Some guy fussed about the lapidary wookean prosody; but, The Landed Underclass answered:
BW: not that I’m aware of. Were such a thing to occur, I suspect that there would be a Commission of Regency in place before you could say ‘non compos mentis’.
So I wrote back to say, “That’s too bad.
“Needless to say, I’m intrigued by the idea that these old plants from time to time can sprout a new limb from an old node….
“Over here (‘down on the farm’) that non compos scam mainly is resorted to when The Useless Offspring come crawling back home with their asses in a sling after falling on their faces in the cocaine and the recession in the big city, and then want to do their folks out of The Farm, and shove Grampa and Grandma into a nursing home. Naturally, like all the rest of this ‘brain plotting,’ it all turns into [something — ed] when the nursing home bills eventuate in a forced sale of the shop or acreage. That happens when the county welfare office horns in on the act, and then you get Public Liberals all over the place like flies on [something — ed]….
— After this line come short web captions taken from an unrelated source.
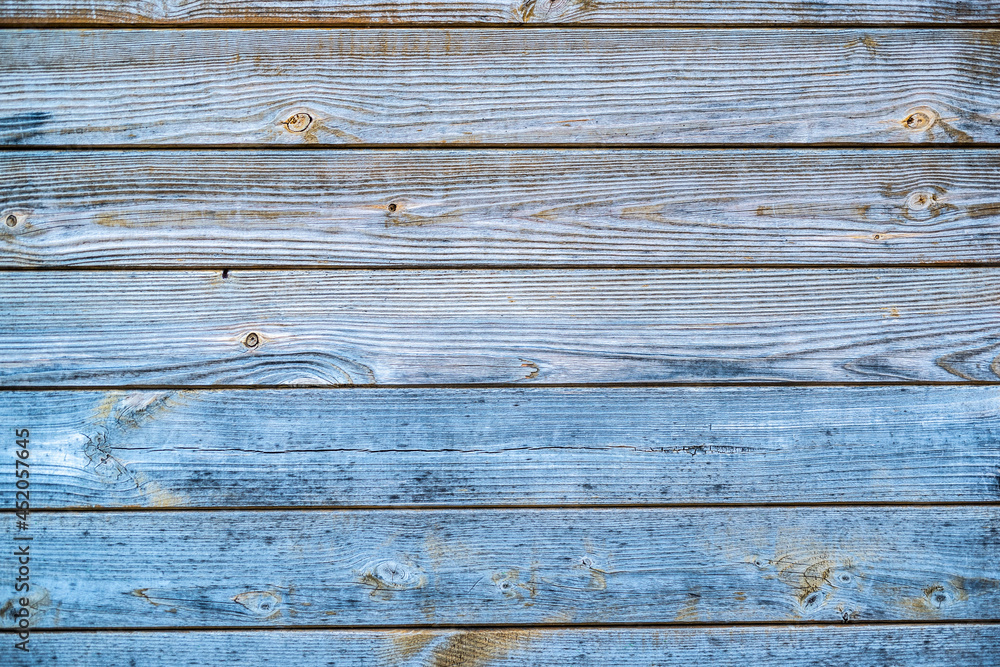 Old blue scratched wooden background with pieces of old paint and screws nails. Rustic obsolete boards of wall, door or floor. Selective focus Old blue scratched wooden background with pieces of old paint and screws nails. Rustic obsolete boards of wall, door or floor. Selective focus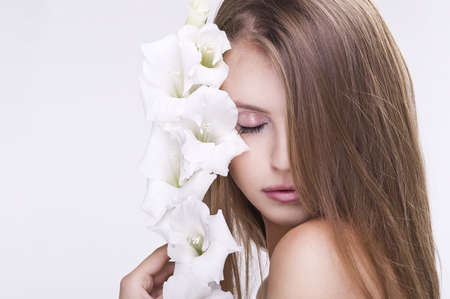 Beauty face of the young beautiful woman with flowerの写真素材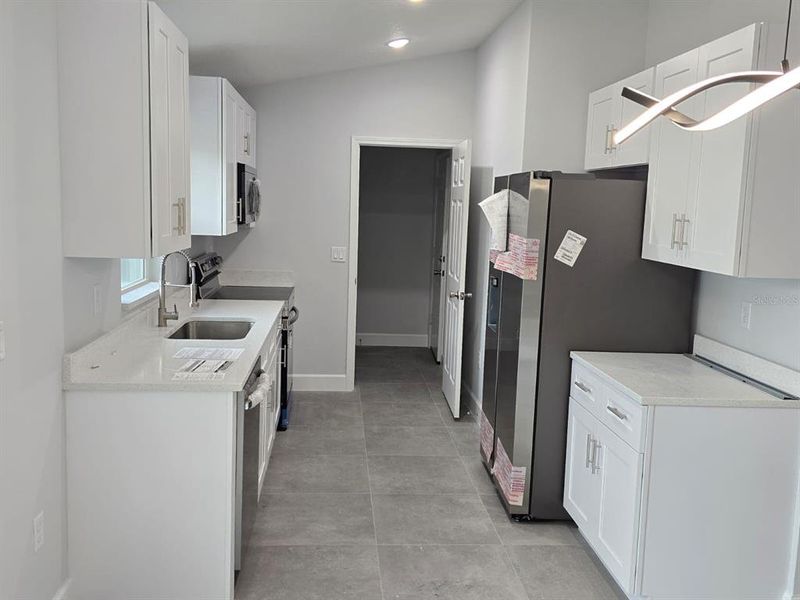 Furnished interior view inside a new home in , Dunnellon (Image 6).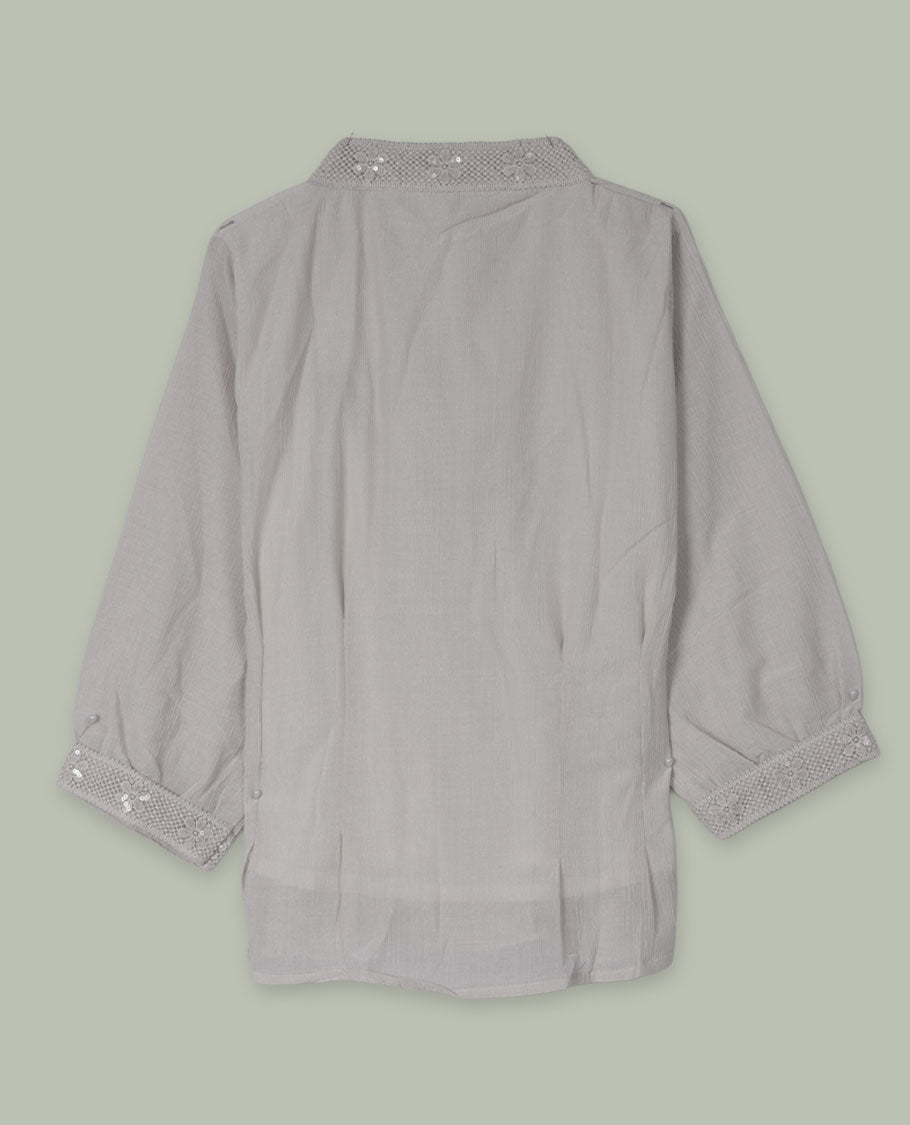 Cream three-quarter sleeve shirt top with embellished band collar and cuffs, front button placket, and soft pleating below the placket.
“There were some numbers recently to show that when parents in advance of death duties had deeded over in the relatively recent statutory way enough of their business or farm equity, they were seven (!) times as likely to be treated to these competency shenanigans. That’s when The Little Bastards had sucked enough out of it that they could maybe swing dumping Maw and Paw on welfare completely, and meantime loan up to buy back the forfeited portion. Needless to say the rotten little 1946-64 sh-ts have been caught with their finger in it by this latest recession.
“Family piety does not mean — all to these late Romans.
“A lovely Sunday spent here yard-farming (gardening). Hay-baling next week, now. But tonight after thinning various pot herb plantings to a fare thee well and watering it all down to beat Hell after, I sat in the garden in the long evening light and read about la Hogue. Cheering stuff…and, then, two gaudy Baltimore Oriole buckos started fighting in the crab apple tree over my head, about the orange halves & grape jam I’d put out for them earlier in a swinging tray from one of the tree limbs. Territorialer than Hell! Jesus Christ, William of Orange and Jasper Deuce and deja vue all over again! It was quite an air battle and went on for the better part of five minutes….
“That pet ‘Regency Commission’ of yours would be another God-damn kangaroo court, too, a load of ‘life’ peers, Mahometan department store owners, Hindoo out-sourcing baboos and such gentry…. Jesus Christ on a syph ward!”